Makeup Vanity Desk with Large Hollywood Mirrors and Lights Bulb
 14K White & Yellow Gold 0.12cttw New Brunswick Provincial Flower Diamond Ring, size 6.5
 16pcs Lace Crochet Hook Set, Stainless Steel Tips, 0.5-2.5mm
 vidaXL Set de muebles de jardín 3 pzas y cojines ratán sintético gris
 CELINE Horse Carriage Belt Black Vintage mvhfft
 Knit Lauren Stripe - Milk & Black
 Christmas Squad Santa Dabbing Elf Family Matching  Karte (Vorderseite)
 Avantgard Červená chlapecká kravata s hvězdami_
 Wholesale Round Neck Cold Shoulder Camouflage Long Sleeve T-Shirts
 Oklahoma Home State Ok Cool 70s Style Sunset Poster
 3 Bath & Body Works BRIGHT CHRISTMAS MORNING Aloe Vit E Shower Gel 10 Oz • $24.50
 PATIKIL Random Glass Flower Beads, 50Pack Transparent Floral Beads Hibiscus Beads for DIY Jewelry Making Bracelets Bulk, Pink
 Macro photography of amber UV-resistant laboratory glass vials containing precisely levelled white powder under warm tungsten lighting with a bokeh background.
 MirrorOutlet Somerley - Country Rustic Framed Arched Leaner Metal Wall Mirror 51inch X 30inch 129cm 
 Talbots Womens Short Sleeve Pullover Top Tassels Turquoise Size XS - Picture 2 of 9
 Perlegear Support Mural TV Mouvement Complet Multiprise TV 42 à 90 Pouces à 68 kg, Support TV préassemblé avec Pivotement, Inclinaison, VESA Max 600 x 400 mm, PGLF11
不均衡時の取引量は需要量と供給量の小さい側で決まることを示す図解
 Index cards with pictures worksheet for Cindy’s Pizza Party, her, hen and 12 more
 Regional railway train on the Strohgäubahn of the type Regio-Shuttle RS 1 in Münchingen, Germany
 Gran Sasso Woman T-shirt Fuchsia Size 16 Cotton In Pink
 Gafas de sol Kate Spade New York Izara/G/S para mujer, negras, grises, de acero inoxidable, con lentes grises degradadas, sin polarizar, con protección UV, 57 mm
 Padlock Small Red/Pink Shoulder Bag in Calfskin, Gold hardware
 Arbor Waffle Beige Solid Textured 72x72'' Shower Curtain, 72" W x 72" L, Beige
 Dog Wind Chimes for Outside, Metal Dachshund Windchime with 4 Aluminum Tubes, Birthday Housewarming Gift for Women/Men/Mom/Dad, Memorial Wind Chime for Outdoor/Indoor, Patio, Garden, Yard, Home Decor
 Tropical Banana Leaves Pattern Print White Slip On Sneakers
^^^^^^^^
Work required » Go through the records and report each line that contains "Black".

Output for this exercise »
 CELINE Horse Carriage Belt Black Vintage mvhfft
 Knit Lauren Stripe - Milk & Black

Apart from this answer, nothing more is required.